= Omar Ebrahim =

English singer

Omar Ebrahim (born 6 September 1956 in Greasbrough, Rotherham, South Yorkshire) is an English baritone vocalist. He specializes in the performance of contemporary classical music.

He studied voice at the Guildhall School of Music and Drama, then spent a performing apprenticeship at the Royal Shakespeare Company and in the Glyndebourne chorus, performing the role of Schaunard in La bohème for the Glyndebourne Touring Opera in 1980.
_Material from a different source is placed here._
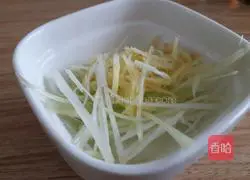 onion Illustration of how to make fried crab with ginger 6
He has sung in performances of contemporary operas and other works by Nigel Osborne, Michael Tippett, Harrison Birtwistle, Luciano Berio, Philip Glass, Peter Lieberson, Frank Zappa, György Ligeti, Peter Eötvös, and Michael Nyman. In 1992 he sang the title role in the BBC miniseries The Vampyr: A Soap Opera, an updated version of Heinrich Marschner's opera Der Vampyr. In 2008, he created the role of "The Fool" in Liza Lim's opera The Navigator at the Brisbane Festival. He has also participated in performances of operas by Giacomo Puccini, Giuseppe Verdi, Kurt Weill, Georges Bizet, and Gilbert and Sullivan.

Ebrahim teaches voice at Trinity College of Music in Greenwich, London.